Le romancier et l’érudit représentaient un duo inégalable. Pourtant, je ne m’en souviens pas de textes qu’ils ont écrits à quatre mains.

Les deux auteurs ne se ressemblaient pas. Leur amitié était aussi une célébration du contraste, une chose théâtrale, une amitié entre deux grands vivants. Cela dit, Jabbour le romancier avait plus de chance pour gagner un large lectorat à comparer avec son ami le philosophe érudit. Malgré sa production abondante mais dispersée, Farès Sassine reste largement un penseur posthume, à redécouvrir après sa mort, afin de pouvoir repenser le libanisme, les conceptions différentes formulées par les Libanais sur leur pays et ses caractéristiques, sa précarité fondamentale étrangement résiliente, ainsi que les signes contradictoires de sa durabilité ou de son dépérissement.

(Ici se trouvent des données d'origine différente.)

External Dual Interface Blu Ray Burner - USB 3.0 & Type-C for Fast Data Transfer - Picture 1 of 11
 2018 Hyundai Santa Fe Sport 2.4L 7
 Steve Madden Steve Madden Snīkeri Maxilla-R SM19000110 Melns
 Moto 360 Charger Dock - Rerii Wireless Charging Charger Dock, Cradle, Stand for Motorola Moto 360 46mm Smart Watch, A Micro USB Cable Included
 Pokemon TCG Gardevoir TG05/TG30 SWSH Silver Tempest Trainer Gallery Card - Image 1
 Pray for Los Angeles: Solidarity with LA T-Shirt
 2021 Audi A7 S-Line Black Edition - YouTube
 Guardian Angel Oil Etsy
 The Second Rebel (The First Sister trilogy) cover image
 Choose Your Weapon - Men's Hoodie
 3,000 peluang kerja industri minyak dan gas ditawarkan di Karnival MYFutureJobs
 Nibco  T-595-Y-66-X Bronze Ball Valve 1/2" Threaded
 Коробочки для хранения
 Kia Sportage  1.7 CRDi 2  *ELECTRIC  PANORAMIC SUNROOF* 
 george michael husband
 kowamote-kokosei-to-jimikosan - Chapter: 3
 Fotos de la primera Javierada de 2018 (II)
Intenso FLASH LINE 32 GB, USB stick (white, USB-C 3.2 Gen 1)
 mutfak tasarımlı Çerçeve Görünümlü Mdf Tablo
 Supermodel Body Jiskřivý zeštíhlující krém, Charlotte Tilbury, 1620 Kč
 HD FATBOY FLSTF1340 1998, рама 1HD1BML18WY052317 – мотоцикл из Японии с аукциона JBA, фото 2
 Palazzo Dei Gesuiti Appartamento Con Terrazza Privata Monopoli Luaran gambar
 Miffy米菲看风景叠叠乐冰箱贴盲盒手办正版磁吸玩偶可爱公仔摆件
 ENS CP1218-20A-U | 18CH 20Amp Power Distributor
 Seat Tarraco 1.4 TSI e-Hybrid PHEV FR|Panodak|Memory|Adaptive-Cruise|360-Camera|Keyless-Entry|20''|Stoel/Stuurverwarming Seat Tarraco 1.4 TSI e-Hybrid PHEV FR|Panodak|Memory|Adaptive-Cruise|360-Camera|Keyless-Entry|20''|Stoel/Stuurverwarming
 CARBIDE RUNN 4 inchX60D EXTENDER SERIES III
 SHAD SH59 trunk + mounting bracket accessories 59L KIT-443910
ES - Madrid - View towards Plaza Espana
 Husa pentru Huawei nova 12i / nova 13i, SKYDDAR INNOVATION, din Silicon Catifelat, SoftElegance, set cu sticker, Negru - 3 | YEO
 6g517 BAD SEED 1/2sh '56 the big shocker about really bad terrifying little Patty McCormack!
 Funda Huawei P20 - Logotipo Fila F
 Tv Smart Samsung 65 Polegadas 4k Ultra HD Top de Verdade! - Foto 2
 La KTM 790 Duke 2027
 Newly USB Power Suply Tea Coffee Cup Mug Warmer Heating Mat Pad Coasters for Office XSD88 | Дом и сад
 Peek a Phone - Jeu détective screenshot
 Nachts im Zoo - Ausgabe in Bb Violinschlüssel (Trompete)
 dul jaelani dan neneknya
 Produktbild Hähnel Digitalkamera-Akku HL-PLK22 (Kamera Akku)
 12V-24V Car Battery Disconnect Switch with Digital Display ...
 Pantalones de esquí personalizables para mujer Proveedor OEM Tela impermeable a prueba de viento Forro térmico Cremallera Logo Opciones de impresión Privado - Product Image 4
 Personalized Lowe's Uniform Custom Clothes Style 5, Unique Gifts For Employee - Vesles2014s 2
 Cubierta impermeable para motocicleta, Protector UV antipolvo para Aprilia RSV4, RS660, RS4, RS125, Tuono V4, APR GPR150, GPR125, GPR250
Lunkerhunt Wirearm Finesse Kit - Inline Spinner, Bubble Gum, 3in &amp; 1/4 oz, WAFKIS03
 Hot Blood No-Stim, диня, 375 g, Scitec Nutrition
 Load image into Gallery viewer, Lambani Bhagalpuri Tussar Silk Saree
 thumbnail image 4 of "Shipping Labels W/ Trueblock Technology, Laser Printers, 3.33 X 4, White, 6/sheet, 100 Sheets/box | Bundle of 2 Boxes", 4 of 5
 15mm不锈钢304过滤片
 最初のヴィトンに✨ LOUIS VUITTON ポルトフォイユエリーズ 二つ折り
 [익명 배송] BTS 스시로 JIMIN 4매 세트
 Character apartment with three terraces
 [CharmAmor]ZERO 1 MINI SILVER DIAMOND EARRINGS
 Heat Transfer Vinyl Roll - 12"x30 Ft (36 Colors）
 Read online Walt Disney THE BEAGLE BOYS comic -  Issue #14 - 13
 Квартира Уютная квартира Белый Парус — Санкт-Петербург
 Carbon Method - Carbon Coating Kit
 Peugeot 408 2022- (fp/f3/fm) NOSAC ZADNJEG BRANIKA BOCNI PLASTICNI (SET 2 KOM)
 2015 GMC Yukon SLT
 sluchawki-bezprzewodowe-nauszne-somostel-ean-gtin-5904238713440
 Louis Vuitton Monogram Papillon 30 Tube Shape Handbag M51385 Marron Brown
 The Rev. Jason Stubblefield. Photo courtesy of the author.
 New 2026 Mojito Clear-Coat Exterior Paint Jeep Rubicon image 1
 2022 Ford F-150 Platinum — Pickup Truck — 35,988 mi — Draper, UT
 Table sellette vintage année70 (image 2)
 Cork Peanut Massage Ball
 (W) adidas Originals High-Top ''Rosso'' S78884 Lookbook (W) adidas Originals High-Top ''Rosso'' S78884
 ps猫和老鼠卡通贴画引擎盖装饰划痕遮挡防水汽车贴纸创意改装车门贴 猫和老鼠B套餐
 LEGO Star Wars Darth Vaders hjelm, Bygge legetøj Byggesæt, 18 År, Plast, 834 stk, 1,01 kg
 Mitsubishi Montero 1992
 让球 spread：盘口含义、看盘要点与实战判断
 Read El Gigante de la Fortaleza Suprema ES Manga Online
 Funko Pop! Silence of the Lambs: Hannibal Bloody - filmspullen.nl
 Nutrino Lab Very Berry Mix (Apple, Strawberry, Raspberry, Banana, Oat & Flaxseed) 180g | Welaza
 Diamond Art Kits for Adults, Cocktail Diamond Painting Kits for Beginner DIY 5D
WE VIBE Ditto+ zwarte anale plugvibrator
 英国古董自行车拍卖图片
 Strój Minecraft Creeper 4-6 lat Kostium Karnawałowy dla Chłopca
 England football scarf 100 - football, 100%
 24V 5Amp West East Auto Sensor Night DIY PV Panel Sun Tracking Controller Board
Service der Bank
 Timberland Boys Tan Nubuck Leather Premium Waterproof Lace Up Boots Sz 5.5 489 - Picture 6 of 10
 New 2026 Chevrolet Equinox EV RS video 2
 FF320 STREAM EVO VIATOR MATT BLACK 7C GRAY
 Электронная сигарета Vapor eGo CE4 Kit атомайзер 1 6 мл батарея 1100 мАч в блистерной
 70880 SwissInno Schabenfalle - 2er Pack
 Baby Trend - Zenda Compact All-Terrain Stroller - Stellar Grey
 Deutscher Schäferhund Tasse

Ce destin posthume de la pensée de Farès appelle aujourd’hui à un travail de récupération de son œuvre, et surtout de la publication de ses manuscrits, ainsi que sa remarquable thèse, à vrai dire une talentueuse œuvre de jeunesse, sur le « libanisme maronite ».

Jabbour et Farès ont fait preuve d’un bilinguisme lucide, limpide et créatif.

Le premier, Jabbour, en tant que féru des lettres françaises, a fini par consacrer cette langue à ses chroniques et son œuvre critique, optant pour l’arabe dans son œuvre romanesque, un arabe transpercé néanmoins par les modalités du français et le zeste de l’accent libanais, un arabe vivant et sonore à la poéticité douce qui ne gêne pas l’essentiel d’un roman, l’intrigue.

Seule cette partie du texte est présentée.